THE TASK - Print the listing from its top line through the line containing "DOMO collection, DOMO", nothing more, and leave out the pictures.
====== RAW DATA ======
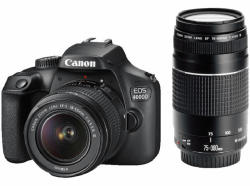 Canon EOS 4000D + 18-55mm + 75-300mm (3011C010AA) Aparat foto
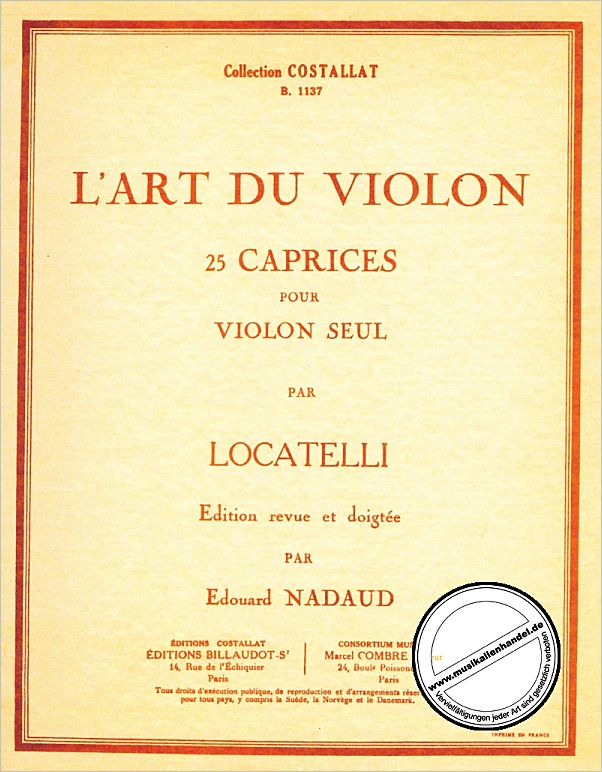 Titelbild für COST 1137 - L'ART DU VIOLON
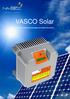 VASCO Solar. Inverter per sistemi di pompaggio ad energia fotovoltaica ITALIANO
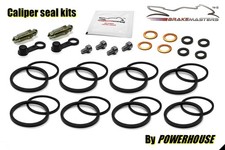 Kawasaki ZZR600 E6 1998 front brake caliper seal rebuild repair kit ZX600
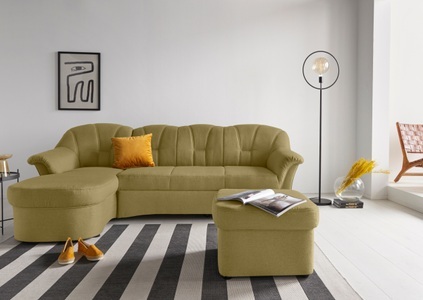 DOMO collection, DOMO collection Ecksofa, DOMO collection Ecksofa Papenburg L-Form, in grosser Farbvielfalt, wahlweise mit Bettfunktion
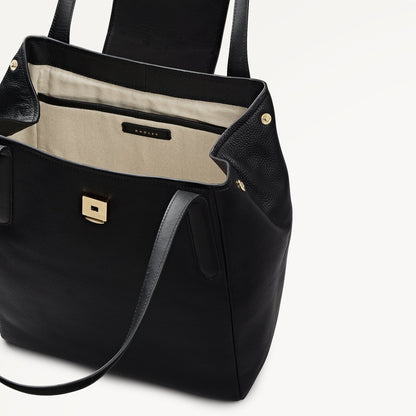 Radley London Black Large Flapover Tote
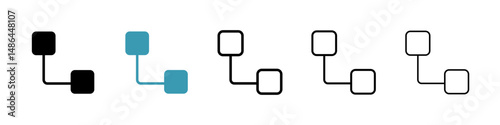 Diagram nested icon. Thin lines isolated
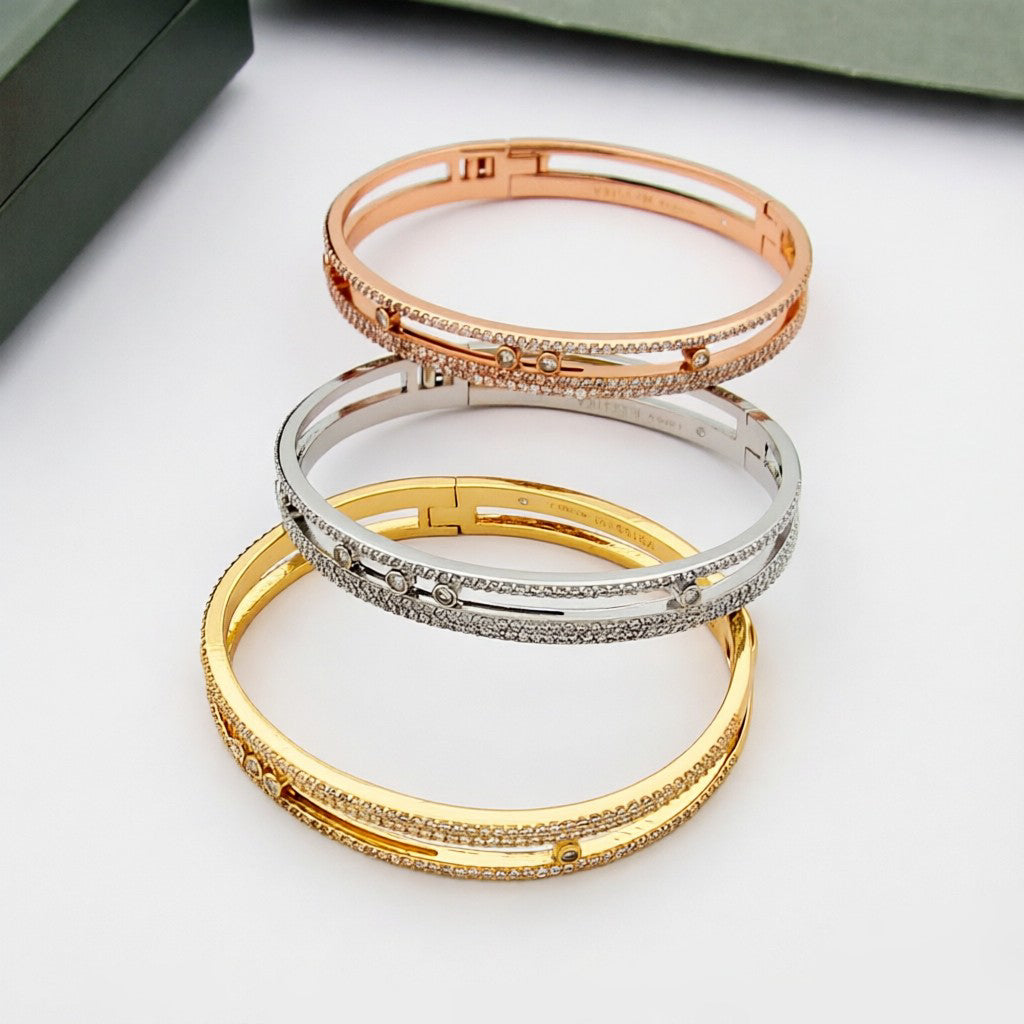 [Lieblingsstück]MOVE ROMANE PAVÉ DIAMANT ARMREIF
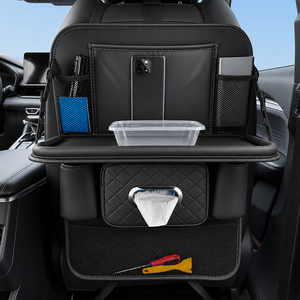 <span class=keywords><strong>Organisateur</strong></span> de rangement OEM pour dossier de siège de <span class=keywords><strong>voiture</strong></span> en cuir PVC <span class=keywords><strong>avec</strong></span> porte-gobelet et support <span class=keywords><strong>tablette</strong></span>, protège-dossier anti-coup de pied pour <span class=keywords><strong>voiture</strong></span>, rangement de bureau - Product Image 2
======
OUTPUT FOR THIS TASK -
 Canon EOS 4000D + 18-55mm + 75-300mm (3011C010AA) Aparat foto
 Titelbild für COST 1137 - L'ART DU VIOLON
 VASCO Solar. Inverter per sistemi di pompaggio ad energia fotovoltaica ITALIANO
 Kawasaki ZZR600 E6 1998 front brake caliper seal rebuild repair kit ZX600
 DOMO collection, DOMO collection Ecksofa, DOMO collection Ecksofa Papenburg L-Form, in grosser Farbvielfalt, wahlweise mit Bettfunktion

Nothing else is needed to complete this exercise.